At Chantry Library today we discussed a men’s mental health group. The last year and a half have been incredibly difficult for all of us, and I’m sure I’m not alone in saying that mental health has been impacted. I think a men’s mental health group is a great idea and hope this really takes off.
We also talked about the purchase of a new amnesty knife bin, a tool to combat knife crime. We know the devastating consequences of knife crime and carrying weapons – it’s important we do whatever we can to reduce knife crime.
I was very disturbed by what I witnessed during my visit to St Francis Tower yesterday to meet residents. A massive shrink wrap now covers the Tower. My constituents are literally living in the dark, virtually no natural sun light. No consultation and they’ve been told it could all last 18 months.
Bizarrely construction work on the building hasn’t even started. I fear that this will be debilitating to the mental health of my constituents.
The building manager has shown a total lack of respect and regard to St Francis Road residents and it cannot continue.
I have already written one letter to the building manager but will be sending a second very strongly worded letter following my visit. I will also be alerting the Housing Minister and raising in Parliament as many times as I need to until this is sorted.

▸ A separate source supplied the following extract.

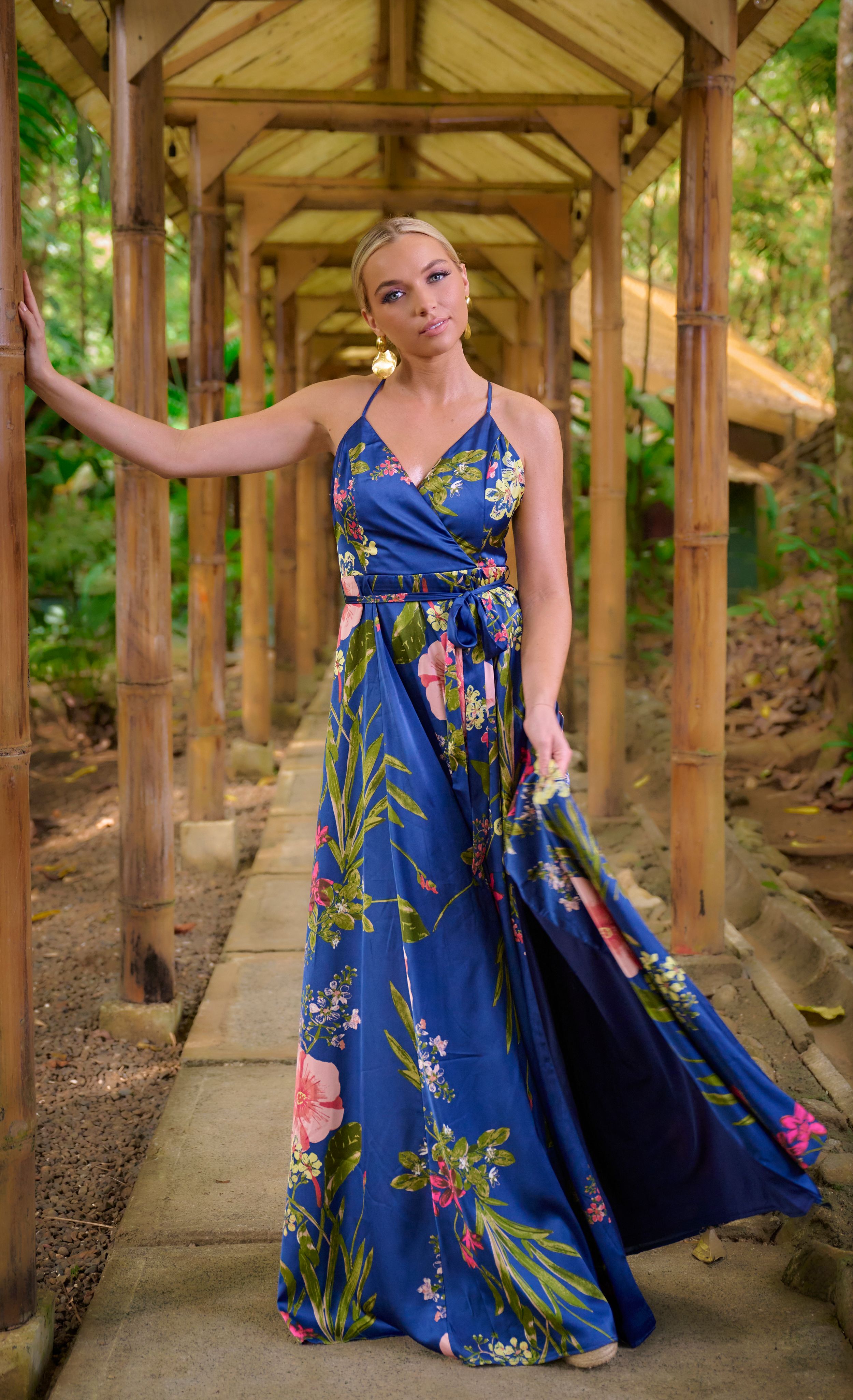 Beautiful floral maxi dress in navy blue with tropical print shown in wooden covered walkway setting.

As a word “angry” doesn’t do justice to the emotions I felt when I left the Tower.
A few weeks ago, I received a letter from Sammy Steven who is a customer at the Papworth trust on Foundation St in Ipswich, which is a trust which does fantastic work supporting the disabled community in Ipswich and adults with learning disabilities. When the lockdown started, they were very down and didn’t know how they would cope. Because of the exceptional work done by the staff and volunteers they made it work and they created a lockdown journal. They became journalists and wrote about their experiences so they will remember them forevermore and they also tried new things. They became poets and music instructors. I asked Jacob Rees-Mogg if the Government would find time for us to debate in the House of Commons how we fund and how we structure these services to support adults who have got learning disabilities, but also to focus on what they can do positively, not always on what they can’t.
Jacob Rees-Mogg responded by saying that we should always think about what people can do and we should always be positive as a society. He told me that he was glad to hear about the work of the Papworth Trust. He acknowledged that organisations like this are a lifeline of support for some of the most vulnerable in our communities and everything that can be done to support them should be done.